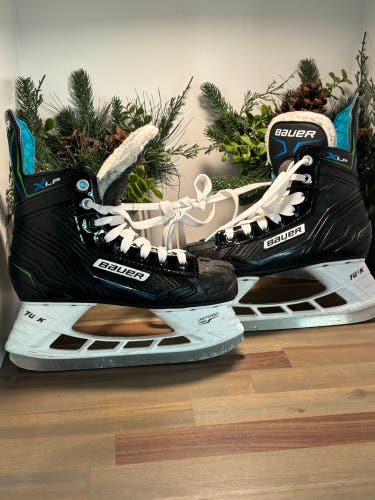 Bauer XLP Hockey Skates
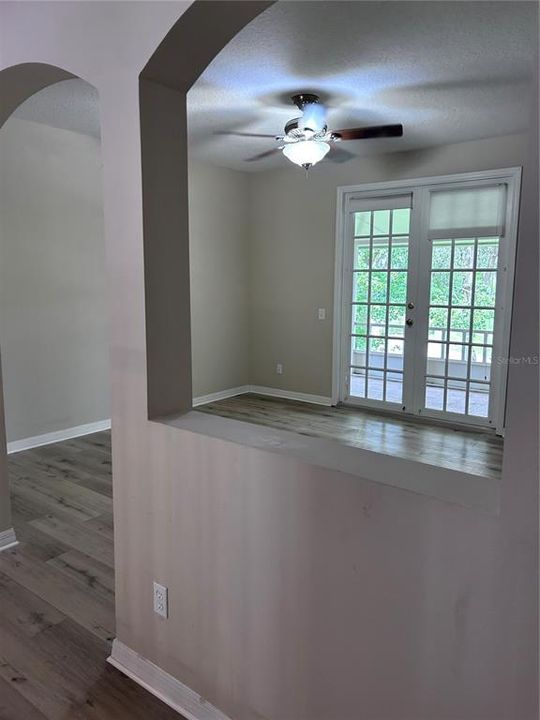 出租: $3,995 (5 贝兹, 4 浴室, 3593 平方英尺)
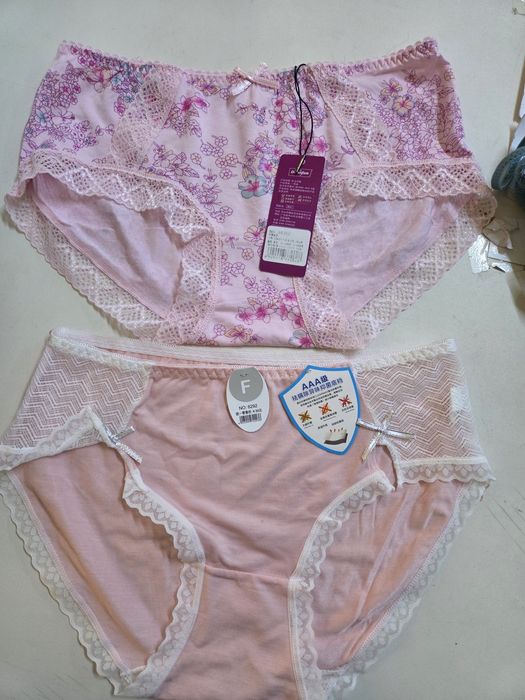 Нижнее белье трусы женский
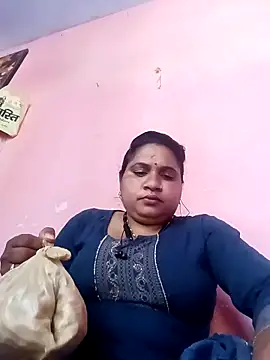 Snapshot of Aadhya_Bahri chatting on 03-06-25, 07:57 Aadhya Bahri online show from 03-06-25, 07:57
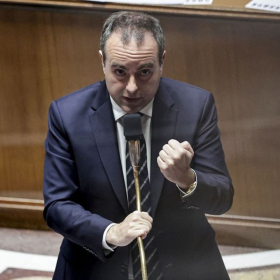 « Non, l’État ne profite pas de la crise » : cette phrase de Sébastien Lecornu qui relance le débat sur les taxes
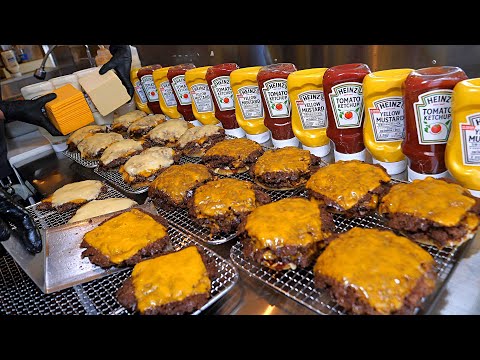 People come from all over the world to eat this! American double cheeseburger / Korean street food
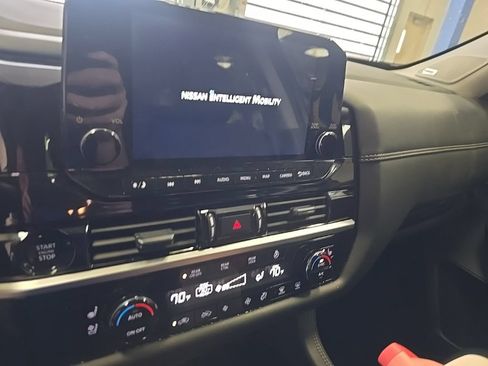 Used 2025 Nissan Pathfinder Platinum w/ Cargo Package AWD/4WD image 6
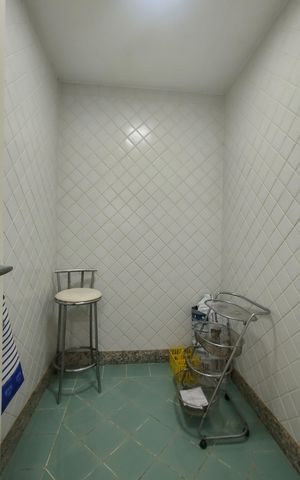 Casa de condomínio à venda com 600m², 4 quartos e 5 vagasDespensa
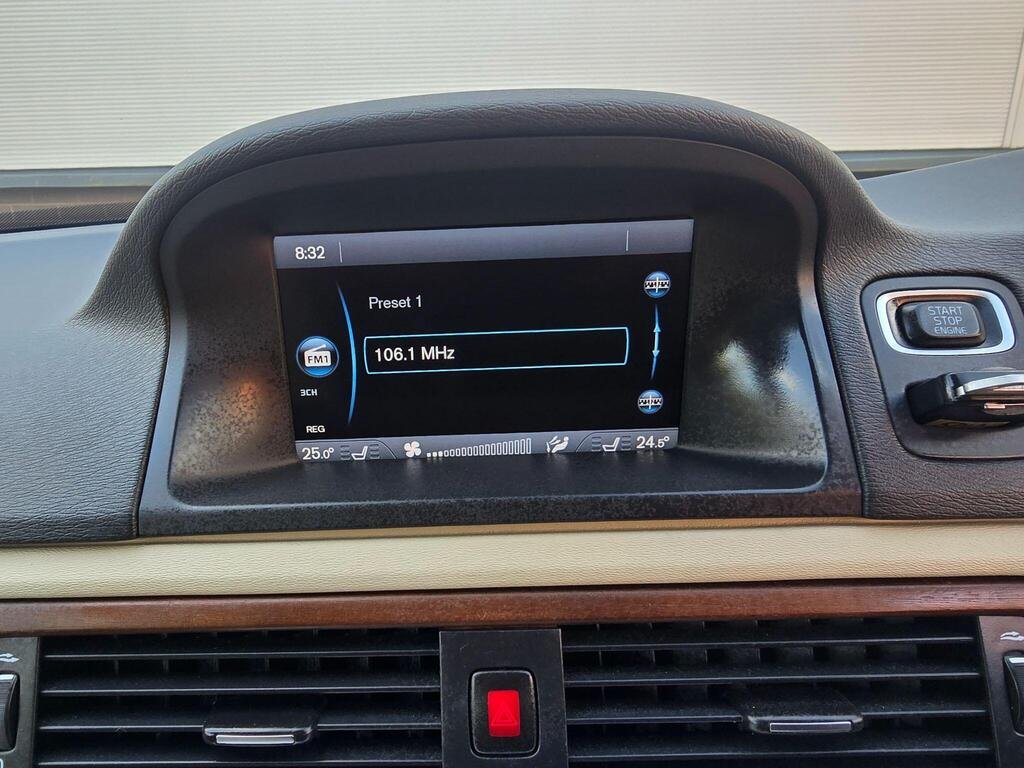 2013 Volvo V70 3.0 T6 SE Lux Estate 5dr Geartronic AWD Euro 5 (304 ps)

□ □ □ □ □ □ □

**REQUIREMENT**: Give again, exactly as written above, every line from the one holding "Snapshot of Aadhya_Bahri" to the one holding "Casa de condomínio", with both ends kept and the pictures left out.

**TASK RESULT**:
 Snapshot of Aadhya_Bahri chatting on 03-06-25, 07:57 Aadhya Bahri online show from 03-06-25, 07:57
 « Non, l’État ne profite pas de la crise » : cette phrase de Sébastien Lecornu qui relance le débat sur les taxes
 People come from all over the world to eat this! American double cheeseburger / Korean street food
 Used 2025 Nissan Pathfinder Platinum w/ Cargo Package AWD/4WD image 6
 Casa de condomínio à venda com 600m², 4 quartos e 5 vagasDespensa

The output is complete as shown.